The Colletidae are a family of bees, and are often referred to collectively as plasterer bees or polyester bees, due to the method of smoothing the walls of their nest cells with secretions applied with their mouthparts; these secretions dry into a cellophane-like lining. The five subfamilies, 54 genera, and over 2000 species are all (with the known exception of but one species, Amphylaeus morosus) evidently solitary, though many nest in aggregations. Two of the subfamilies, Euryglossinae and Hylaeinae, lack the external pollen-carrying apparatus (the scopa) that otherwise characterizes most bees, and instead carry the pollen in their crops. These groups, and most genera in this family, have liquid or semiliquid pollen masses on which the larvae develop.

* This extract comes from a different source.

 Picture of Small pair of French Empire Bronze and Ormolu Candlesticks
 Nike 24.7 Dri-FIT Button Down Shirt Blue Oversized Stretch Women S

They can be found all over the world, but the most species live in South America and Australia. Over 50% of all bee species living in Australia belong to this family. Only the genera Colletes and Hylaeus can be found in Europe, while in North America, in addition to these two, the genera Caupolicana, Eulonchopria, and Ptiloglossa are found.

Australian genera include Euhesma, a large genus, members of which has been split off into other genera such as Euryglossa and Callohesma.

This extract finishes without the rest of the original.